▶ _Supplied information_:
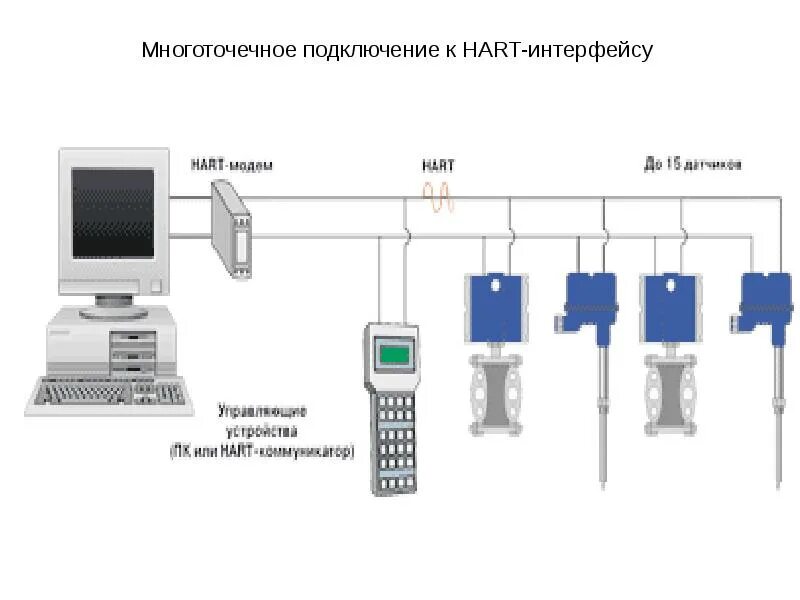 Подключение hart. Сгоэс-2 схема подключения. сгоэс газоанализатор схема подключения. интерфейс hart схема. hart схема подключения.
...
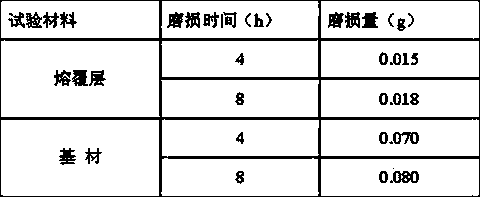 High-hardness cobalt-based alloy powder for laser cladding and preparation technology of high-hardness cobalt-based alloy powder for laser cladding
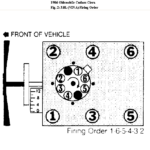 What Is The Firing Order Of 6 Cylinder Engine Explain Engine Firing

▶ _Exercise_: Above are records; repeat only the lines from the line with "High-hardness cobalt-based alloy powder for laser cladding and" through the line with "What Is The", and leave pictures out.

▶ _Solution to the problem_:
 High-hardness cobalt-based alloy powder for laser cladding and preparation technology of high-hardness cobalt-based alloy powder for laser cladding
 What Is The Firing Order Of 6 Cylinder Engine Explain Engine Firing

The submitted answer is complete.